Crown421 commented 3 years ago

Tbh, the rules in question should probably all be declared no-ops from an AD perspective using @non_differentiable, which will also fix the problem (I suspect that they were written before we had @non_differentiable available to us) but widening the set of acceptable cotangnets from AbstractMatrix to Any will solve the problem for now.

After some bad handling of of git on my part, I have now made some changes, I hope I understood correctly what you suggested.

willtebbutt commented 3 years ago

Looks like it's nearly there. Just also needs the same kind of modification here if I'm interpretting the CI logs correctly.

Crown421 commented 3 years ago

Looks like it's nearly there. Just also needs the same kind of modification here if I'm interpretting the CI logs correctly.

Ok, tests are passing now. I should be ready to merge now I think (I don't have permission to merge).

willtebbutt commented 3 years ago

Great. @Crown421 I've invited you to join the org. Please just make sure to have read the first bit of the ColPrac 🙂 if you've not already.

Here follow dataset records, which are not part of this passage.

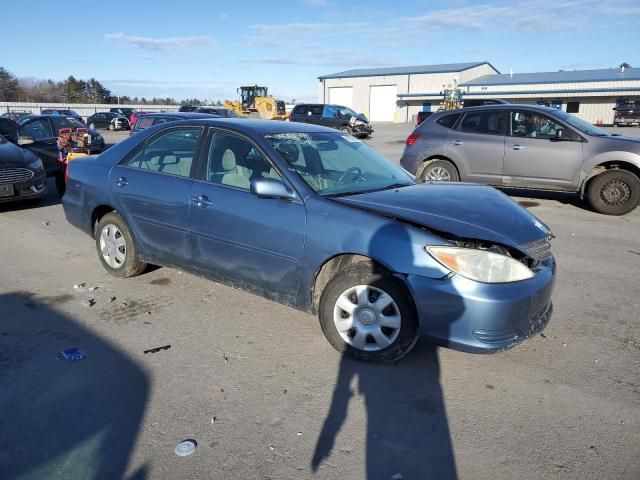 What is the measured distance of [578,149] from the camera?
8.51 metres

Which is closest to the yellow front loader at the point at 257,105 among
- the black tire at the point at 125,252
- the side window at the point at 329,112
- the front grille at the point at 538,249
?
the side window at the point at 329,112

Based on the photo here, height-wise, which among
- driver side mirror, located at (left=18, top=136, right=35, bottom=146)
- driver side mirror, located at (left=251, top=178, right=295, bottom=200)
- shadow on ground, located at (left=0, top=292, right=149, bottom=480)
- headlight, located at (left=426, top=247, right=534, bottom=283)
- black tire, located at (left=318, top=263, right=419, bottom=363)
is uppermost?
driver side mirror, located at (left=18, top=136, right=35, bottom=146)

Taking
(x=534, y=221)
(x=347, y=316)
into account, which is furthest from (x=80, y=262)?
(x=534, y=221)

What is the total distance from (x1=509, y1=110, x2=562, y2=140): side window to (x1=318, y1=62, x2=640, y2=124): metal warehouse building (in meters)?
46.3

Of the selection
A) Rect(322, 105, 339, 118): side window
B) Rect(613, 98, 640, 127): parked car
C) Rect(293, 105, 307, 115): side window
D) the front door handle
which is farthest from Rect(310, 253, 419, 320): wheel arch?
Rect(613, 98, 640, 127): parked car

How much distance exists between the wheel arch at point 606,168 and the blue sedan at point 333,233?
511cm

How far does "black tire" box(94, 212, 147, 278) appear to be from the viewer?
5062mm

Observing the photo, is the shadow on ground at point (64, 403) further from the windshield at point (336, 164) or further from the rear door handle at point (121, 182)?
the windshield at point (336, 164)

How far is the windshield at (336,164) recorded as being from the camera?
4.07 metres

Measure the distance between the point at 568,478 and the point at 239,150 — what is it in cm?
322

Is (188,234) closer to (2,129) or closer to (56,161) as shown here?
(56,161)

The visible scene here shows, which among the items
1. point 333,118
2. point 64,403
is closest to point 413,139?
point 64,403

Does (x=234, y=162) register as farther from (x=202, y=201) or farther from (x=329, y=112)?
(x=329, y=112)

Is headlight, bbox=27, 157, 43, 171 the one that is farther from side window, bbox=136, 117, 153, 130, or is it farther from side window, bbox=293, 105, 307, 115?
side window, bbox=293, 105, 307, 115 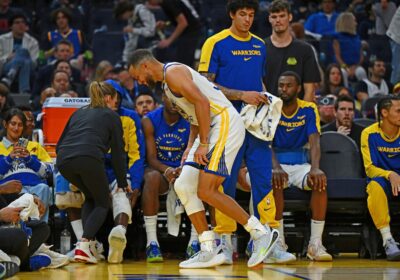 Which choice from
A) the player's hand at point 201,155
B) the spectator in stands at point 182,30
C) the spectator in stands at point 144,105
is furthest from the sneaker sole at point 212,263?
the spectator in stands at point 182,30

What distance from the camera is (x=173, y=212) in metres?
9.52

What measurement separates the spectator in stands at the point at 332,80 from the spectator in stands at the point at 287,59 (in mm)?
3140

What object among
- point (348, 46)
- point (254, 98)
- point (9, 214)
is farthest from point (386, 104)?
point (348, 46)

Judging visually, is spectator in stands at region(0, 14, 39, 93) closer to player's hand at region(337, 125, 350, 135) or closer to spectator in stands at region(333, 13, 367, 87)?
spectator in stands at region(333, 13, 367, 87)

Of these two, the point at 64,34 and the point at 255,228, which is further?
the point at 64,34

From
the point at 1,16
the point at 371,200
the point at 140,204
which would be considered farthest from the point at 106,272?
the point at 1,16

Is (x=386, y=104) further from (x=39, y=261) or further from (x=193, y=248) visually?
(x=39, y=261)

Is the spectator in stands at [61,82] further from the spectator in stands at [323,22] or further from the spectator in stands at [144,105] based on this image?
the spectator in stands at [323,22]

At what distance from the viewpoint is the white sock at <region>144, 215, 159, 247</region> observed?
931 centimetres

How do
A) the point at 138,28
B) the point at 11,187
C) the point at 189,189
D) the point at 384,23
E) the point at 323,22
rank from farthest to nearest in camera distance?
the point at 384,23 → the point at 323,22 → the point at 138,28 → the point at 11,187 → the point at 189,189

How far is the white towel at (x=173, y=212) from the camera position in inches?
372

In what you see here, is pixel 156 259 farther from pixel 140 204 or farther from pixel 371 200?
pixel 371 200

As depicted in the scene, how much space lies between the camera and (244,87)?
8773mm

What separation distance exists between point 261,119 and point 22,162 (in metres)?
2.32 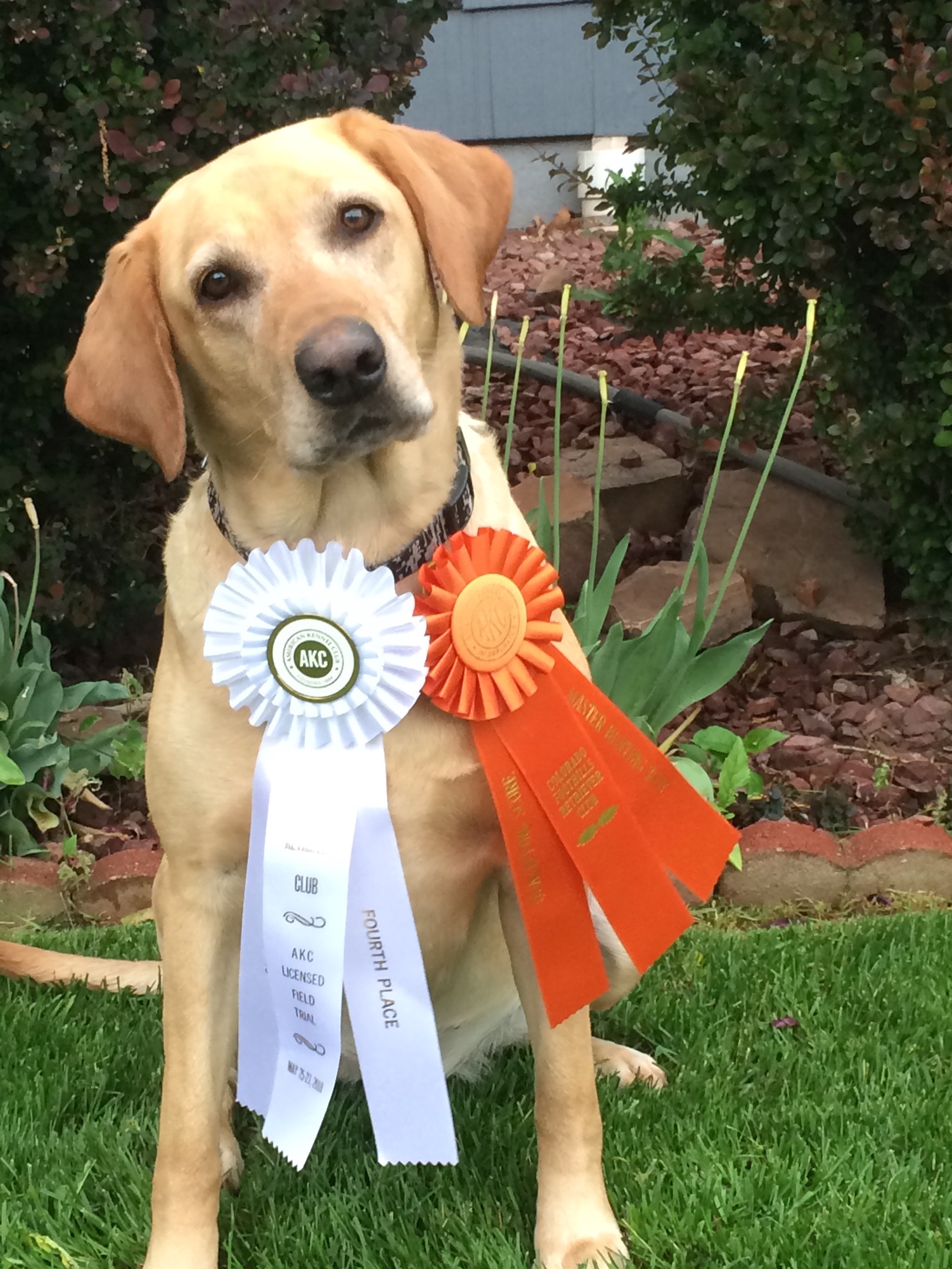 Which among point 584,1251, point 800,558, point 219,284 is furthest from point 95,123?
point 584,1251

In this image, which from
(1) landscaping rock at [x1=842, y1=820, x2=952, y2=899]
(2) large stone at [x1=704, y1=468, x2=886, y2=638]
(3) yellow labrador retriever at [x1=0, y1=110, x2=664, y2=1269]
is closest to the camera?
(3) yellow labrador retriever at [x1=0, y1=110, x2=664, y2=1269]

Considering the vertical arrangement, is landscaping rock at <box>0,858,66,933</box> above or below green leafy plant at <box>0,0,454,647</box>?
below

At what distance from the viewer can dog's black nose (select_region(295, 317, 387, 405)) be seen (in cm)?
164

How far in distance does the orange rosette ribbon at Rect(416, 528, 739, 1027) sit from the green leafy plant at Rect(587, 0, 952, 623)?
175cm

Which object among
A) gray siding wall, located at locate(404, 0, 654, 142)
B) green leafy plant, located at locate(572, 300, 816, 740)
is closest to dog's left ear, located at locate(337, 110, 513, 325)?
green leafy plant, located at locate(572, 300, 816, 740)

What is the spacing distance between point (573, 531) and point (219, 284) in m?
2.35

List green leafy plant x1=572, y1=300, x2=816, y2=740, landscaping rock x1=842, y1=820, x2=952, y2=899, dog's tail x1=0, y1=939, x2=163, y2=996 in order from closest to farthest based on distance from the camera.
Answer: dog's tail x1=0, y1=939, x2=163, y2=996, landscaping rock x1=842, y1=820, x2=952, y2=899, green leafy plant x1=572, y1=300, x2=816, y2=740

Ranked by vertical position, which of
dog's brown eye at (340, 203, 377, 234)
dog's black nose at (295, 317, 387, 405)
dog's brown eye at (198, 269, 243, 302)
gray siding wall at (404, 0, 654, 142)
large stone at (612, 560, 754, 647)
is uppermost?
dog's brown eye at (340, 203, 377, 234)

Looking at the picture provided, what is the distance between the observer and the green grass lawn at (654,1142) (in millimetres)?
1825

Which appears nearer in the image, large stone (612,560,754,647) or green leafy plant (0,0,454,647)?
green leafy plant (0,0,454,647)

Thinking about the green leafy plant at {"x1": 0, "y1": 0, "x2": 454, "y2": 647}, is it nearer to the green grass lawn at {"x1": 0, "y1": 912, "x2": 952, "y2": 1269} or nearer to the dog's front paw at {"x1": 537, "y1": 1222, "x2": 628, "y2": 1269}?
the green grass lawn at {"x1": 0, "y1": 912, "x2": 952, "y2": 1269}

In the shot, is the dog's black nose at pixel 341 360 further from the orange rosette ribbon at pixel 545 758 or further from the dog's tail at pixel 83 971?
the dog's tail at pixel 83 971

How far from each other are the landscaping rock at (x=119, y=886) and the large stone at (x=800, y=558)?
2002mm

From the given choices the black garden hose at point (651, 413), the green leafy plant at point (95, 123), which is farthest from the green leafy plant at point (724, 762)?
the green leafy plant at point (95, 123) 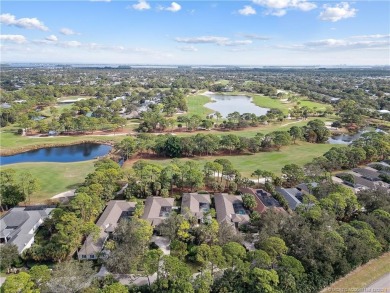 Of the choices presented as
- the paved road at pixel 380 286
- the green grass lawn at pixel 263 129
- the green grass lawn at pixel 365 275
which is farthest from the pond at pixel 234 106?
the paved road at pixel 380 286

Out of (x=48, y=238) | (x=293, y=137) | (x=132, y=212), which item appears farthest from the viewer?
(x=293, y=137)

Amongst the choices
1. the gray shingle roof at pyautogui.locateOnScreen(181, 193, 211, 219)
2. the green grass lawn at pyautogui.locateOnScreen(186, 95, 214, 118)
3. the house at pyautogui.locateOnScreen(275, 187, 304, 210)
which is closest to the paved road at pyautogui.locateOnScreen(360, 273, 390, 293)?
the house at pyautogui.locateOnScreen(275, 187, 304, 210)

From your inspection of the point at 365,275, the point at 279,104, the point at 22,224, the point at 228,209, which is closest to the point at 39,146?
the point at 22,224

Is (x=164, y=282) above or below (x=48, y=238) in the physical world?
above

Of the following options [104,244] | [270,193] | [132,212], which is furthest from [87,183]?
[270,193]

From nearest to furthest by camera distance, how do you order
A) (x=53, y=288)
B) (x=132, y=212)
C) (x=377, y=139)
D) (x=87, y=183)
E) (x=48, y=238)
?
(x=53, y=288) < (x=48, y=238) < (x=132, y=212) < (x=87, y=183) < (x=377, y=139)

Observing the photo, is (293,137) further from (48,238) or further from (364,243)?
(48,238)

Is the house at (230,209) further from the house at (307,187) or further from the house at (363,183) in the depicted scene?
the house at (363,183) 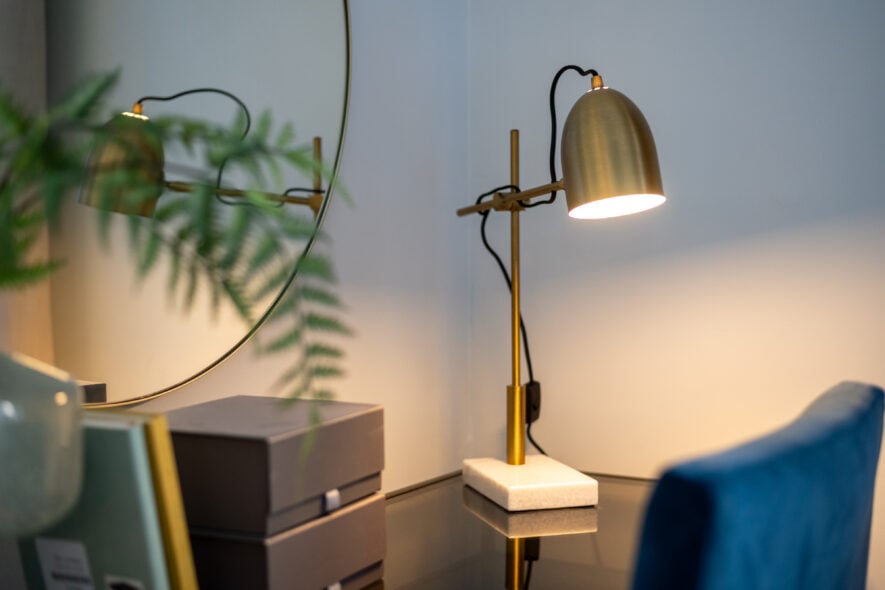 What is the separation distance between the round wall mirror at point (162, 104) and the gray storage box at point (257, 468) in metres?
0.11

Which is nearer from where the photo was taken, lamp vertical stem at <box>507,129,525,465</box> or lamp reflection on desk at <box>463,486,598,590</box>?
lamp reflection on desk at <box>463,486,598,590</box>

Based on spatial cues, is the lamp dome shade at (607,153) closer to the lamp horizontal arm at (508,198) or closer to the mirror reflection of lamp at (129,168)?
the lamp horizontal arm at (508,198)

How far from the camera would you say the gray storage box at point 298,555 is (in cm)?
62

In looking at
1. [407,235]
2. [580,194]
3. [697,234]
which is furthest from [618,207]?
[407,235]

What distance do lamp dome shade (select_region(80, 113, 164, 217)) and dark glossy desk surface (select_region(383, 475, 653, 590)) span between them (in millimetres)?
508

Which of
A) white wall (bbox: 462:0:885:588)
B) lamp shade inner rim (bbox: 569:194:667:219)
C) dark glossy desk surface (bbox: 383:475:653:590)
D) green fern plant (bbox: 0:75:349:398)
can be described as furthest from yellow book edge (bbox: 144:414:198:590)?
white wall (bbox: 462:0:885:588)

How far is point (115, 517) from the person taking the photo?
51 cm

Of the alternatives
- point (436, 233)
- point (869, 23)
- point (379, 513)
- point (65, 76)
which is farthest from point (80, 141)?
point (869, 23)

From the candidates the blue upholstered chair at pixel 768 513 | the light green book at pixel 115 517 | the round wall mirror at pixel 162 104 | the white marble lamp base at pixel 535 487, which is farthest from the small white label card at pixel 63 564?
the white marble lamp base at pixel 535 487

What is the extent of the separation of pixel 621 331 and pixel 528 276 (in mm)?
187

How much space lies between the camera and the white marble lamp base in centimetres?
96

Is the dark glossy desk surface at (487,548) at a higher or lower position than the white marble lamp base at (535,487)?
lower

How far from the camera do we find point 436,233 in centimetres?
132

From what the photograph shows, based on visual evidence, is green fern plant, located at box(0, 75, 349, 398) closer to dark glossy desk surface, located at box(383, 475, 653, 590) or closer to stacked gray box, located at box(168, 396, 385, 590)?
stacked gray box, located at box(168, 396, 385, 590) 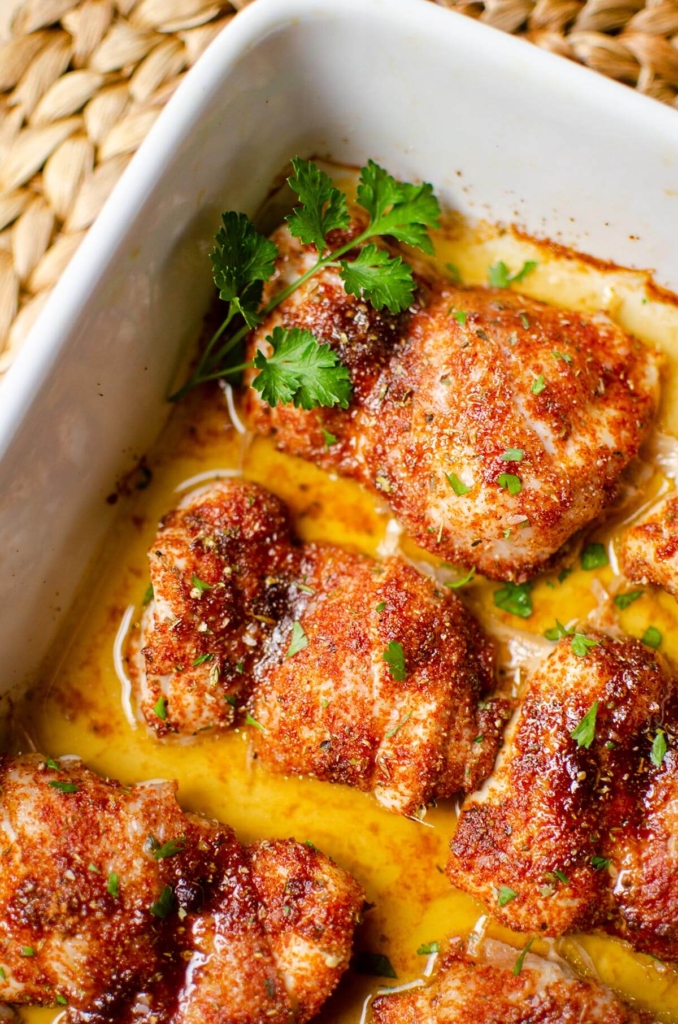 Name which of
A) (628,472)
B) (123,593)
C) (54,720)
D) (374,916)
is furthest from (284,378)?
(374,916)

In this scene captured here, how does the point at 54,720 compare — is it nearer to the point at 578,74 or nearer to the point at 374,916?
the point at 374,916

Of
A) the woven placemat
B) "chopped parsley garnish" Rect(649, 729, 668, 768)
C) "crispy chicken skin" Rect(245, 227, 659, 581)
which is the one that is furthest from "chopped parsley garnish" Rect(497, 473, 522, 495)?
the woven placemat

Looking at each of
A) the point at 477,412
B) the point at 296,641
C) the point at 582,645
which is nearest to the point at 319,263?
the point at 477,412

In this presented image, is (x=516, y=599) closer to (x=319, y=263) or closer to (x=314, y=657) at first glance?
(x=314, y=657)

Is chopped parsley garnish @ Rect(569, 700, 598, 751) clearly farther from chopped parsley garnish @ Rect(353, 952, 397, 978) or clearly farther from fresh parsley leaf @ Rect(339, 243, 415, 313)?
fresh parsley leaf @ Rect(339, 243, 415, 313)

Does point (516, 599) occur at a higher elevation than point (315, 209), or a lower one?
lower

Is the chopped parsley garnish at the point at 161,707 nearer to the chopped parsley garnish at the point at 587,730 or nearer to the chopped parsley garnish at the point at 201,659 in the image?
the chopped parsley garnish at the point at 201,659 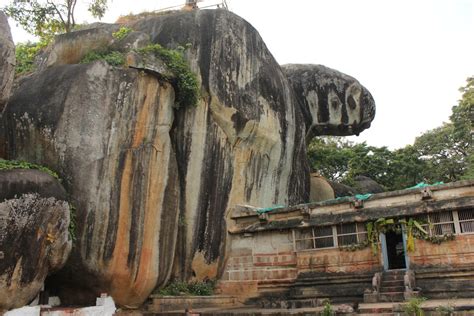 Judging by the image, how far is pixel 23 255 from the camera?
31.8 ft

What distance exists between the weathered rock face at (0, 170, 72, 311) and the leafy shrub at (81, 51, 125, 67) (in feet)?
13.0

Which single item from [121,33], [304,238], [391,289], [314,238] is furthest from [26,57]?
[391,289]

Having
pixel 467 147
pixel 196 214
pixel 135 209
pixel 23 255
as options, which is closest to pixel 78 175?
pixel 135 209

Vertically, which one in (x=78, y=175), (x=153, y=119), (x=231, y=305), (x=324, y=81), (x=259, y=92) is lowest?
(x=231, y=305)

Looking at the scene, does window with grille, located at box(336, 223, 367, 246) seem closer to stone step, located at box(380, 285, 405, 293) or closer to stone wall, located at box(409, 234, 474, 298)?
stone wall, located at box(409, 234, 474, 298)

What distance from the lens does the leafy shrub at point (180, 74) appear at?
1370 centimetres

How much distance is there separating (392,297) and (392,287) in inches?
23.4

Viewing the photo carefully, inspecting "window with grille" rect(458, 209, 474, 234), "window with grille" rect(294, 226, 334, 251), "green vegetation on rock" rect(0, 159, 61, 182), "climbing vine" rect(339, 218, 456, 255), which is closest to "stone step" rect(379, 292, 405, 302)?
"climbing vine" rect(339, 218, 456, 255)

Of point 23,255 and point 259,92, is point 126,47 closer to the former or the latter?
point 259,92

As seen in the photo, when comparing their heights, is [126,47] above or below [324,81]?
below

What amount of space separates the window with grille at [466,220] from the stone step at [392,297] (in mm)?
2636

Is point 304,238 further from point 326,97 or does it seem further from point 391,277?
point 326,97

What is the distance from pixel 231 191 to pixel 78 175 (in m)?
5.54

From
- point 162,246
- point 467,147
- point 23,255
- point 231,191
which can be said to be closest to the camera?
point 23,255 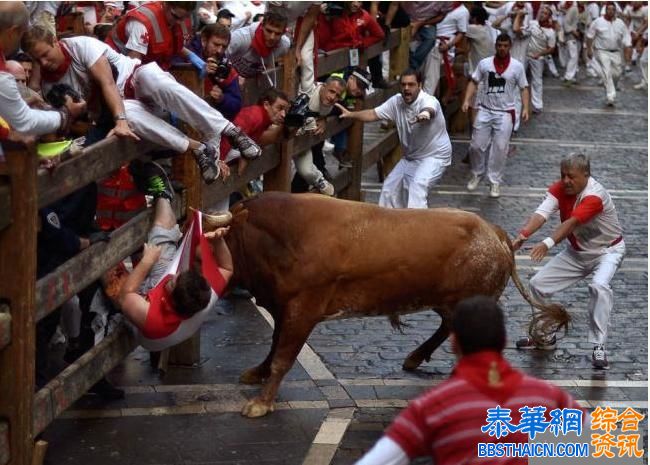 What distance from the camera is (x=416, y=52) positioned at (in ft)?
63.2

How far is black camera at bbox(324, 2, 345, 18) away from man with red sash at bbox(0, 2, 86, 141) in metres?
7.42

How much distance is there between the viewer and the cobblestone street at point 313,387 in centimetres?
788

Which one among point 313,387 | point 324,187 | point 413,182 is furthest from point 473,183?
point 313,387

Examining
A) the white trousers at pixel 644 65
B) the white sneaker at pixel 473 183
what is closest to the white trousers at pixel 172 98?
the white sneaker at pixel 473 183

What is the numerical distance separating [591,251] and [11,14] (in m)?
5.42

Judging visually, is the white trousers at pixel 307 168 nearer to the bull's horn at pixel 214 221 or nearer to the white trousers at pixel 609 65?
the bull's horn at pixel 214 221

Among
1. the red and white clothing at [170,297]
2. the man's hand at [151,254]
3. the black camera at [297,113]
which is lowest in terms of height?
the red and white clothing at [170,297]

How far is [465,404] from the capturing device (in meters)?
4.65

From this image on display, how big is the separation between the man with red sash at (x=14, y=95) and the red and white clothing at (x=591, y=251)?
15.3 feet

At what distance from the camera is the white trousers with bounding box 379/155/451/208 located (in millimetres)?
12805

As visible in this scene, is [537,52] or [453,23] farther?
[537,52]

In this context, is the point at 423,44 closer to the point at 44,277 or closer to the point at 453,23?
the point at 453,23

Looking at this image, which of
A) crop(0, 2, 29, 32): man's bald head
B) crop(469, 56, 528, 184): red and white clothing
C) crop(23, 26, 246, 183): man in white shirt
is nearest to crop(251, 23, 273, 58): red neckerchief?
crop(23, 26, 246, 183): man in white shirt

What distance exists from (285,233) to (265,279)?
35cm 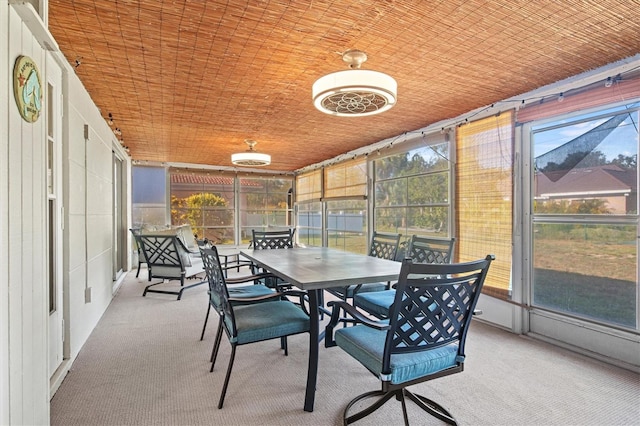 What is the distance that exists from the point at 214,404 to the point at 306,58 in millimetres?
2332

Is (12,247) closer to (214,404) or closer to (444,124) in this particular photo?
(214,404)

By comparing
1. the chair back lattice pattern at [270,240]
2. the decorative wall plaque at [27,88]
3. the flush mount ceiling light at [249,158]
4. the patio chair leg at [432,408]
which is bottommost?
the patio chair leg at [432,408]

DhairyaLGandhi commented 3 years ago

This doesn't seem great for Zygote flexibility wise. It shouldn't be returning ChainRules types since most rules shouldn't be written to handle them. We should convert these to Zygote friendly types where something like this happens.

willtebbutt commented 3 years ago

Sorry @DhairyaLGandhi I don't follow. Which bit in particular are you referring to?

DhairyaLGandhi commented 3 years ago

Needing to have adjoints be aware of (/explicitly handle) ChainRules's types, I mean.

willtebbutt commented 3 years ago

Oh, but we're just writing rrules, so we should only have to worry about ChainRules types, no?